Study objectives: To evaluated pulmonary function and lung diffusion in heart failure patients in the following five body positions: sitting, prone, supine, and left and right decubitus.

Setting: Heart failure unit of a university hospital.

Subjects: We studied 14 chronic heart failure patients in New York Heart Association class III and 14 healthy volunteers.

Measurements and results: After 15 min of a selected position, subjects were evaluated by a discomfort scale, ear oximetry, and pulmonary function, which included FEV1, FVC, vital capacity (VC), alveolar volume, and diffusing capacity of the lung for carbon monoxide (Dlco) with subcomponent membrane resistance (DM) and capillary volume. In healthy subjects, we observed a reduction of Dlco and capillary volume in both lateral decubiti. Some discomfort was documented in both lateral decubiti when selected positions were compared with the sitting position. In the sitting position, pulmonary function suggested slight restriction ([mean ± SD] FVC, 89.8 ± 22.3% predicted; FEV1, 84.7 ± 16.9% predicted, VC, 88.6 ± 21.5% predicted; and FEV1/VC, 74 ± 7) with low Dlco (73 ± 19% predicted).

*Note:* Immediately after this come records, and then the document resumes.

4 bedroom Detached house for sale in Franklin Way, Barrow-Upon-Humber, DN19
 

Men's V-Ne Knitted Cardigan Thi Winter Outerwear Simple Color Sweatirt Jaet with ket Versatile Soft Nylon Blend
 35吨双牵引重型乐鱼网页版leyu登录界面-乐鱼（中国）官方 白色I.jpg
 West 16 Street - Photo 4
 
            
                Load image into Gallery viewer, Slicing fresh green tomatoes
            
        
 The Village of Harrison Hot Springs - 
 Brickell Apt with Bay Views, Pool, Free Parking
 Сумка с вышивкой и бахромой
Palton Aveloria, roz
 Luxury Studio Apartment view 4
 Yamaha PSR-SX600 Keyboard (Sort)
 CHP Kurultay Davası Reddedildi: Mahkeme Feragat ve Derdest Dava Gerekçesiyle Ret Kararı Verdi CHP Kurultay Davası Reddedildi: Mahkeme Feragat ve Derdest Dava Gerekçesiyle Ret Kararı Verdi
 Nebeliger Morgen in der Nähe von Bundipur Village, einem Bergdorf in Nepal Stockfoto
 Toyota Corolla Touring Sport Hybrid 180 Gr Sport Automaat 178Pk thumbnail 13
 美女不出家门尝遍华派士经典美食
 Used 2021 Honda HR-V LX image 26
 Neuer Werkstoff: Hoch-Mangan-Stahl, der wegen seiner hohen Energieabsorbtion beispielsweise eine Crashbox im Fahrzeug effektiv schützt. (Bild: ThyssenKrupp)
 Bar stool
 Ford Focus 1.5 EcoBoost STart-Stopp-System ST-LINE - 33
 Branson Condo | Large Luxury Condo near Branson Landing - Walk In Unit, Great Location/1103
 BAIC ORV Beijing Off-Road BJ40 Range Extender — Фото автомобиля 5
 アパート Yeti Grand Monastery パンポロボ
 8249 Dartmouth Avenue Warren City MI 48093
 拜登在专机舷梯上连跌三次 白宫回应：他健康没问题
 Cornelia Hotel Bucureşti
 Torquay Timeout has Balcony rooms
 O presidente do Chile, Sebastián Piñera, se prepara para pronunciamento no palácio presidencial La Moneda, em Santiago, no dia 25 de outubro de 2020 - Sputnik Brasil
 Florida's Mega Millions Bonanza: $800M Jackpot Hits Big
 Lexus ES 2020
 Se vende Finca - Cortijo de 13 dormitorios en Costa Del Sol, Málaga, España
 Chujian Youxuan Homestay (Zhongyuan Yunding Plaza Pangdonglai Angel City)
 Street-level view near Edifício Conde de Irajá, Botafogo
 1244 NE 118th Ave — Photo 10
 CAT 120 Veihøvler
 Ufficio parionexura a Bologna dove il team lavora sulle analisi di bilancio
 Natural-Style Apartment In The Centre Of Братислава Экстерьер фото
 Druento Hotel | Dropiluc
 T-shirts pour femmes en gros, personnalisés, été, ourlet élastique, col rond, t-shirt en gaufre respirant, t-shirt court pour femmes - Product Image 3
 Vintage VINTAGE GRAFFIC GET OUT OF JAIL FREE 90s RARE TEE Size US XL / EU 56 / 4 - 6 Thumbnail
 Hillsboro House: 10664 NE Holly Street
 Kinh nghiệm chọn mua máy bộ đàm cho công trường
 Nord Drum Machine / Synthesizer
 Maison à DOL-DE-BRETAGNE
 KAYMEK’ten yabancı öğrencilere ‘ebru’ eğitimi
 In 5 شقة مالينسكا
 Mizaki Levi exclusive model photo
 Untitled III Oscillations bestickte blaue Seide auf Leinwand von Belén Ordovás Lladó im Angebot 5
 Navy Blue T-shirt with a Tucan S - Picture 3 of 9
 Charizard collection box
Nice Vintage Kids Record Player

Compared with sitting, lung mechanics were unchanged in prone and supine positions; FEV1, FVC, and FEV1/VC were lower when patients were lying on their side, with unchanged alveolar volume and VC. Dlco was similar when comparing sitting, prone, and supine positions, and it was lower in lateral decubitus because of the lower capillary volume (vs sitting) and DM (vs prone and supine). Body position-related FVC and Dlco reduction were greatest in the largest hearts (ΔFVC and ΔDlco vs left ventricle diastolic volume R = 0.524, p < 0.05 and R = 0.630, p < 0.02, respectively; ΔFVC and ΔDlco vs cardiothoracic index R = 0.539, p < 0.05 and R = 0.685, p < 0.01, respectively).

Conclusions: In heart failure, lateral decubitus airway obstruction and lung diffusion impairment become greater as heart dimensions increase.